TASK OBJECTIVE
The whole listing, apart from its images, should be restated word for word.

SOURCE MATERIAL

......

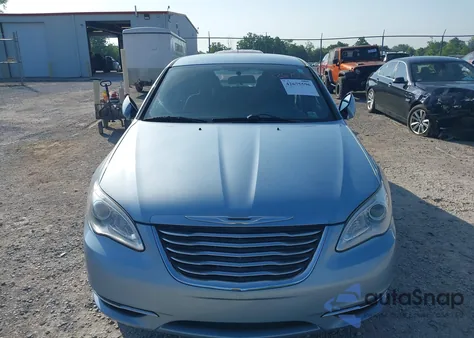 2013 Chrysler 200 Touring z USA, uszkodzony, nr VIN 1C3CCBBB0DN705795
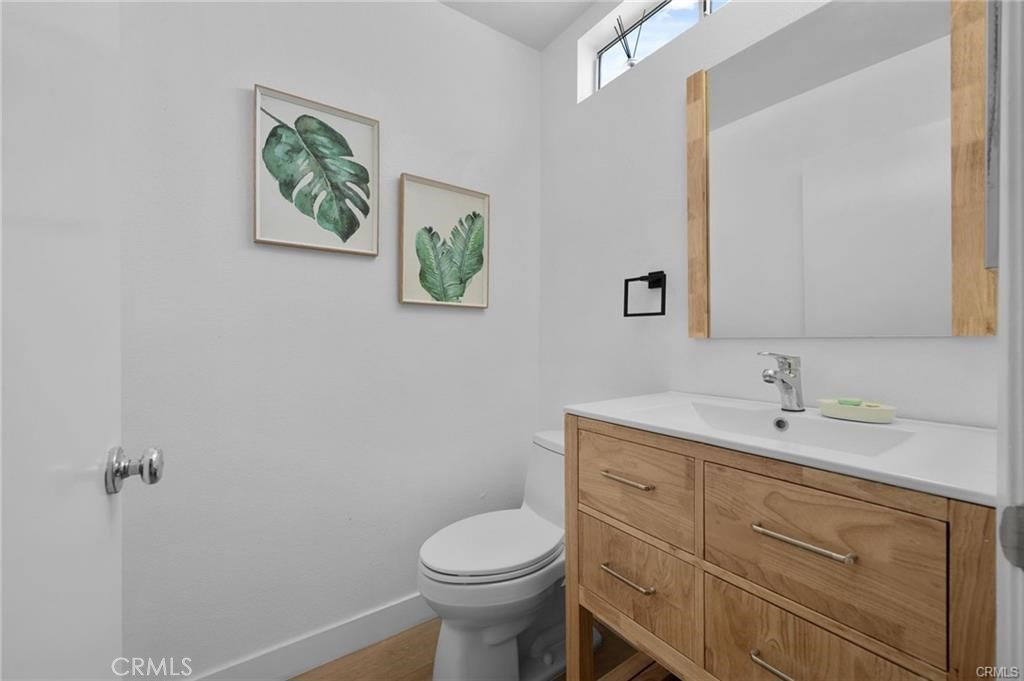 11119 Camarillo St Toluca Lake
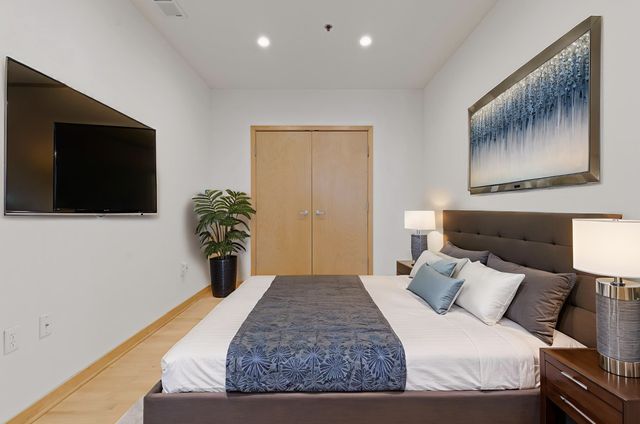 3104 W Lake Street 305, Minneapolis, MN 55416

......

SOLUTION TO THIS TASK
 2013 Chrysler 200 Touring z USA, uszkodzony, nr VIN 1C3CCBBB0DN705795
 11119 Camarillo St Toluca Lake
 3104 W Lake Street 305, Minneapolis, MN 55416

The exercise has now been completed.